_Work item_:
Nothing but the lines below from the one containing "BARRA SOPORTE MANGO" through the one containing "Lesbians Eat What?" should appear in the answer, exact and without pictures.

_Excerpted data_:
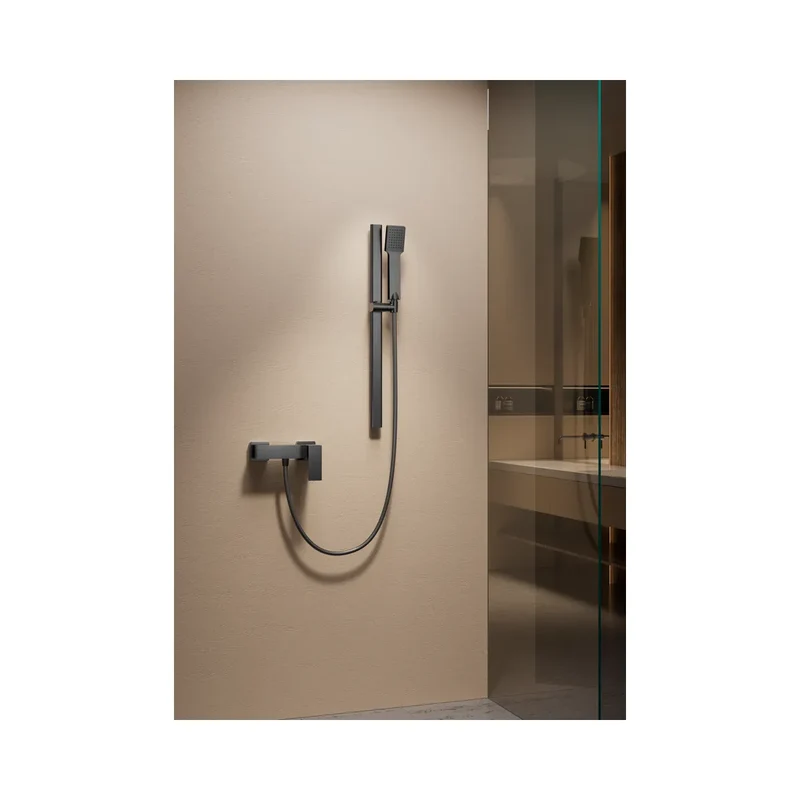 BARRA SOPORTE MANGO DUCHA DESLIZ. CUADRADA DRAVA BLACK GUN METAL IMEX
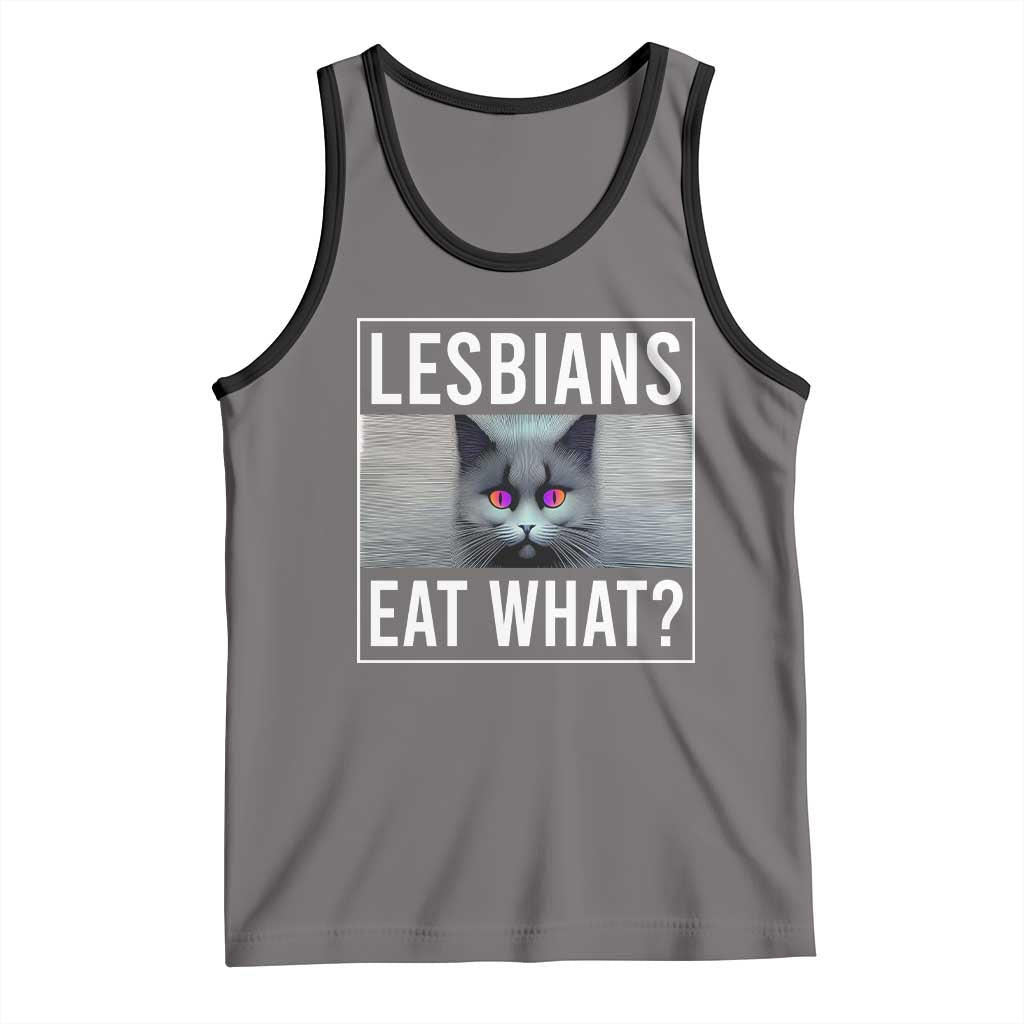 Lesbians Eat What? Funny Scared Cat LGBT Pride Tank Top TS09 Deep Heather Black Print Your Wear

---

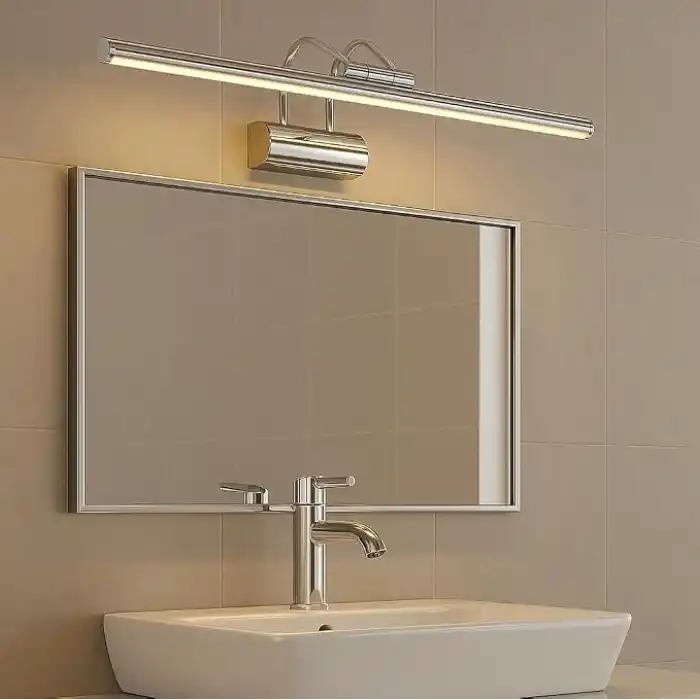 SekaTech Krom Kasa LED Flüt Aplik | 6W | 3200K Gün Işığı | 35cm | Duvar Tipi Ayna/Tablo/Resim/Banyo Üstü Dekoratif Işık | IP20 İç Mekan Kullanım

_Exercise answer_:
 BARRA SOPORTE MANGO DUCHA DESLIZ. CUADRADA DRAVA BLACK GUN METAL IMEX
 Lesbians Eat What? Funny Scared Cat LGBT Pride Tank Top TS09 Deep Heather Black Print Your Wear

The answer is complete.